After months of deliberation, India's Patent Office has issued new guidelines that firmly maintain the country's practice of not granting patents for software inventions. Issued February 19, 2016, the new Guidelines for Examination of Computer Related Inventions put to rest the country's recent debate over whether software can be patentable if it has industrial applicability.

India's patent law does not define or use the term "software," but it does say that "a mathematical or business method or a computer programme per se or algorithms" are excluded from patentability, as is "a presentation of information." However, during the past year, the Patent Office began to interpret this exclusion narrowly by stating that software could be patentable if it is applicable to a particular industry.

The new Guidelines reject that notion and direct examiners to apply a three-part test when examining claims for computer-related inventions:

  1. Properly construe the claim and identify the actual contribution;
  2. If the contribution lies only in mathematical method, business method or algorithm, deny the claim;
  3. If the contribution lies in the field of computer programme, check whether it is claimed in conjunction with a novel hardware and proceed to other steps to determine patentability with respect to the invention. The computer programme in itself is never patentable. If the contribution lies solely in the computer programme, deny the claim. If the contribution lies in both the computer programme as well as hardware, proceed to other steps of patentability.
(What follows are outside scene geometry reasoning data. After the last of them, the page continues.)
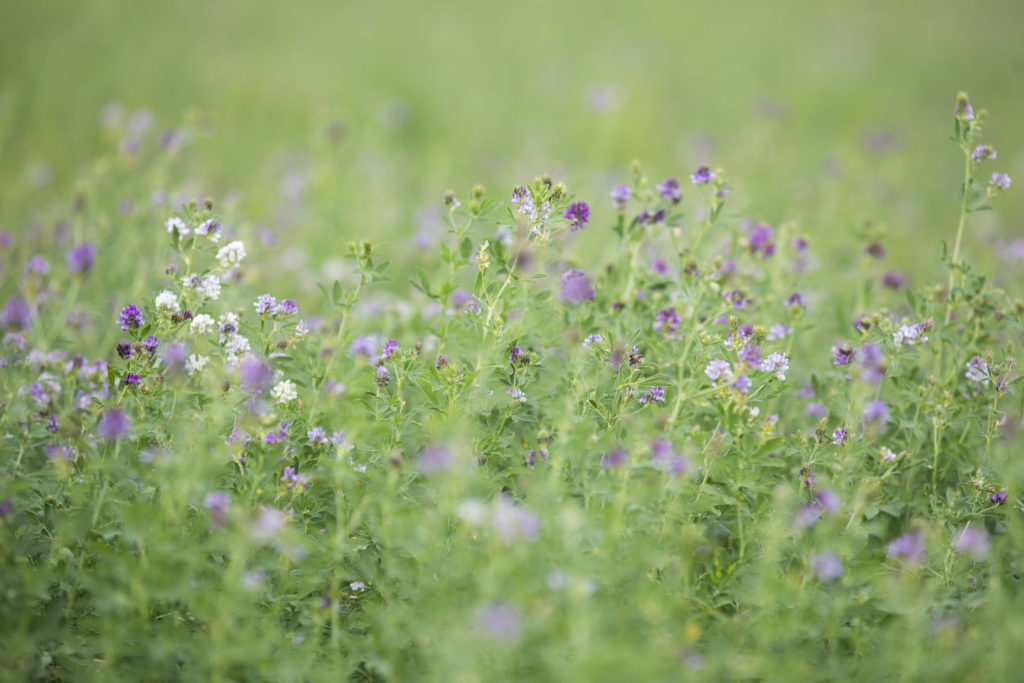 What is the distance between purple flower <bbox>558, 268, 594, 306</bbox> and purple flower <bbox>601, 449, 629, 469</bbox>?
2.21 ft

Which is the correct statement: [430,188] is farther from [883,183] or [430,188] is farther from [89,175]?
[883,183]

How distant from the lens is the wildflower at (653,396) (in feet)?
7.95

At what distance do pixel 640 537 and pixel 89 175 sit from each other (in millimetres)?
3947

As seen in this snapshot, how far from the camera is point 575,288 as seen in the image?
260 cm

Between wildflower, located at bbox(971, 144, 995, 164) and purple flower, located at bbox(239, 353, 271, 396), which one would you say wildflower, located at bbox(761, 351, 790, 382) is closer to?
wildflower, located at bbox(971, 144, 995, 164)

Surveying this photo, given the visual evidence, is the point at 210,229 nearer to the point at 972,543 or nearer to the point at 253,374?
the point at 253,374

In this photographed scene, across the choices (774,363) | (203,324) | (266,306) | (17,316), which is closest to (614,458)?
(774,363)

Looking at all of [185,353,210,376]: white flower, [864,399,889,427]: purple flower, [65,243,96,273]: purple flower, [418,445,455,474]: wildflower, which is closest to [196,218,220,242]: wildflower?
[185,353,210,376]: white flower

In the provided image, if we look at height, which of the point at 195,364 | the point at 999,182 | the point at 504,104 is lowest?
the point at 195,364

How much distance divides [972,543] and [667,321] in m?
1.20

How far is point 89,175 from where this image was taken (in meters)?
4.16

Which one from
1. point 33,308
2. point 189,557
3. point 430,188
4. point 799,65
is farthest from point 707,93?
point 189,557

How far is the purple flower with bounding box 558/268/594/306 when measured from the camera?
259 cm

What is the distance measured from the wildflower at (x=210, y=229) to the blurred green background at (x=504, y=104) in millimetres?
1673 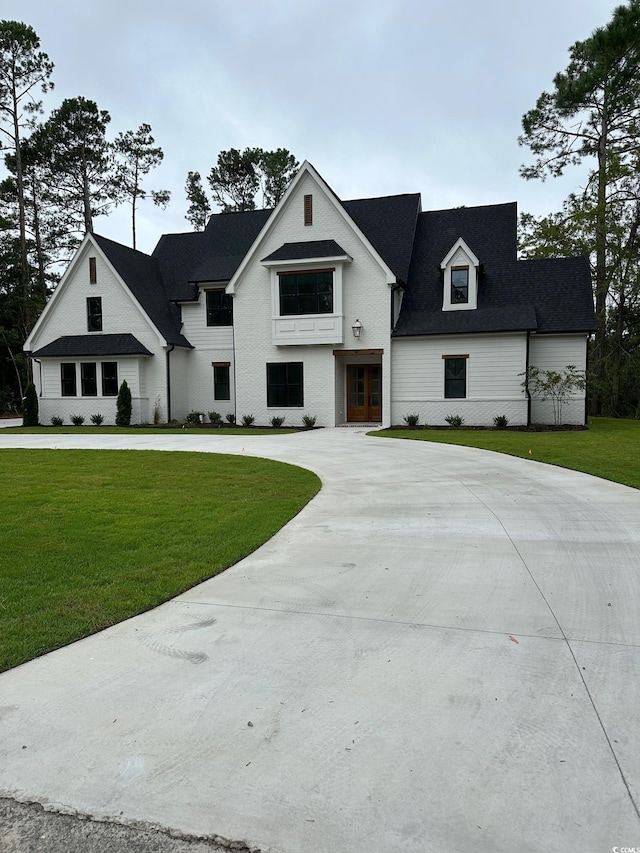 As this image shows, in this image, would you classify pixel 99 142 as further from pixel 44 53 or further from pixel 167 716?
pixel 167 716

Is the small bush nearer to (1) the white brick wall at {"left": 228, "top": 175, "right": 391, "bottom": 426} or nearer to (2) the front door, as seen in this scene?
(1) the white brick wall at {"left": 228, "top": 175, "right": 391, "bottom": 426}

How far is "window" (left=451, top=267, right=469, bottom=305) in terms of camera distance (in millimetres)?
21125

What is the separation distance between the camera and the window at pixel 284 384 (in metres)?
22.2

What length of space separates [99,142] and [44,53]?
582 centimetres

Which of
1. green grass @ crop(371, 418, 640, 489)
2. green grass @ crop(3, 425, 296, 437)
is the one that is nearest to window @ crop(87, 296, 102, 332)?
green grass @ crop(3, 425, 296, 437)

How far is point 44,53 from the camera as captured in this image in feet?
102

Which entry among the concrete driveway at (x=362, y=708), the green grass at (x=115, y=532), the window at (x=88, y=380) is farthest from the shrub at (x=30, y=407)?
the concrete driveway at (x=362, y=708)

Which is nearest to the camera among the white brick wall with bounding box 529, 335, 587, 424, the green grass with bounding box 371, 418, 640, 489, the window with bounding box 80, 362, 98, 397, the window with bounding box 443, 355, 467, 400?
the green grass with bounding box 371, 418, 640, 489

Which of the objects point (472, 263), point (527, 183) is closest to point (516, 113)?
point (527, 183)

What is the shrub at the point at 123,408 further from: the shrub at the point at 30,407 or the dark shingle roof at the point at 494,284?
the dark shingle roof at the point at 494,284

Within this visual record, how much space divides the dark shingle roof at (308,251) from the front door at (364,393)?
458 cm

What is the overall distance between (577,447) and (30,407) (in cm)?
2149

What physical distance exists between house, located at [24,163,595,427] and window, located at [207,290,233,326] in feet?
0.16

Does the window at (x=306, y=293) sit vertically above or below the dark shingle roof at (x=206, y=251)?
below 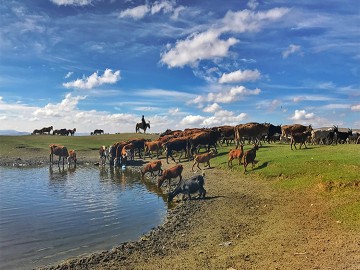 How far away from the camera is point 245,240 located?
12.5 m

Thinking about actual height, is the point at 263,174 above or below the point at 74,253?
above

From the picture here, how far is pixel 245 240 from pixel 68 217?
9124mm

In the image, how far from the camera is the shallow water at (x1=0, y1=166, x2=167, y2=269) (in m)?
12.7

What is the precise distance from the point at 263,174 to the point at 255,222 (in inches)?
362

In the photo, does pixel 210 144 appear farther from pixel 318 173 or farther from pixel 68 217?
pixel 68 217

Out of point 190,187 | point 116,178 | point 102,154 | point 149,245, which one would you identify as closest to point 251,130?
point 116,178

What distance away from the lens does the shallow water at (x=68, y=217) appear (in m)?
12.7

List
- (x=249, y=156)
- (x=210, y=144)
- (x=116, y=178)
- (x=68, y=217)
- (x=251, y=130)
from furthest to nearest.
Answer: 1. (x=210, y=144)
2. (x=251, y=130)
3. (x=116, y=178)
4. (x=249, y=156)
5. (x=68, y=217)

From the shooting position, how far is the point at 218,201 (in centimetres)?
1880

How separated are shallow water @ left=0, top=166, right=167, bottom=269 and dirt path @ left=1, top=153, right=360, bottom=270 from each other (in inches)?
51.3

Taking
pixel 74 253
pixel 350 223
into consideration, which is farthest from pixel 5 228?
pixel 350 223

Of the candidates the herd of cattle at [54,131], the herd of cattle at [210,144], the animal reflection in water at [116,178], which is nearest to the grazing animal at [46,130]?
the herd of cattle at [54,131]

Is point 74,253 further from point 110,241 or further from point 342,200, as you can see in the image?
point 342,200

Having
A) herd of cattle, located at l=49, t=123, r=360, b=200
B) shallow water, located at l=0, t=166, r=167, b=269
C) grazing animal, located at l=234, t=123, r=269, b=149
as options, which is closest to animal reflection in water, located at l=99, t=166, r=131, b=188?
shallow water, located at l=0, t=166, r=167, b=269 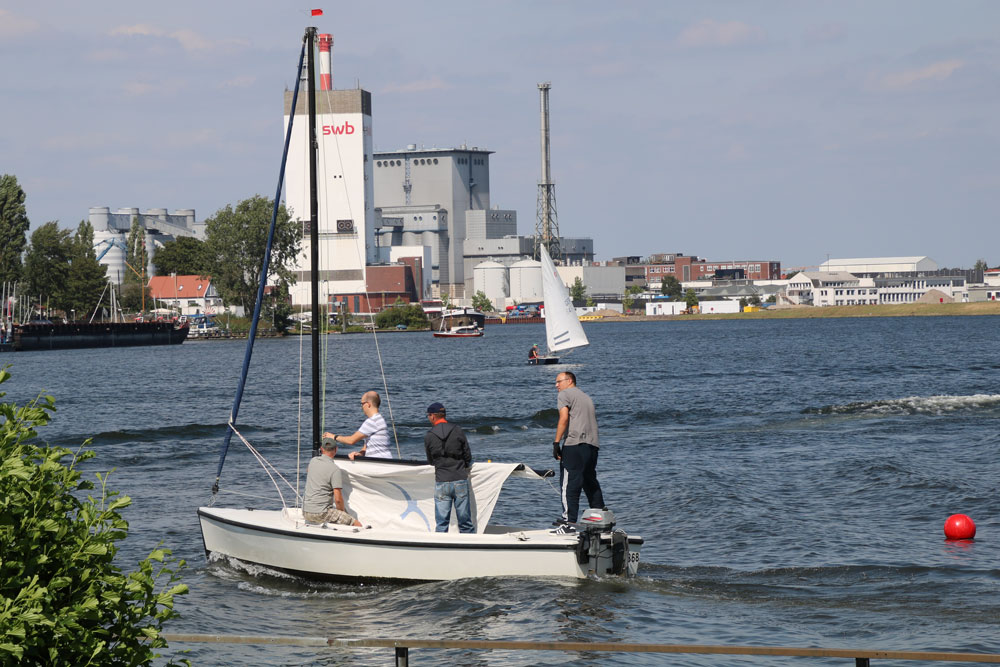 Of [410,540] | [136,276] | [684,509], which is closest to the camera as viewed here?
[410,540]

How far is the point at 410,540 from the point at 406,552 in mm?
188

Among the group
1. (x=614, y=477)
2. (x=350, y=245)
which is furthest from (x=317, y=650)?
(x=350, y=245)

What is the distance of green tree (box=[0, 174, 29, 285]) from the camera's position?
13562cm

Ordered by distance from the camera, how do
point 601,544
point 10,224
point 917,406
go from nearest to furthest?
1. point 601,544
2. point 917,406
3. point 10,224

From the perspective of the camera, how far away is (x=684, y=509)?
2331 cm

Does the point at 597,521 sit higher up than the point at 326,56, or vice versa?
the point at 326,56

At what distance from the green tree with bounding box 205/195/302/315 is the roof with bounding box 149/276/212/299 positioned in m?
39.0

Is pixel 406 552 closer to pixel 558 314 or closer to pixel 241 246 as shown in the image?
pixel 558 314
The Guidelines indicate that a claim must use some type of unique hardware, and that claims directed to "computer programmes," a "set of instructions/ Routines and/or Sub-routines, "computer programme products," a "Storage Medium having instructions," a "Database," or a "Computer Memory with instruction" should not be considered patentable.

The Guidelines include 15 examples of claims that are not patentable in India. Notably, the Guidelines include no examples in which the claims would considered acceptable.

The new Guidelines have been viewed as a win for Indian software company trade associations who lobbied hard to keep software out of the realm of patentability.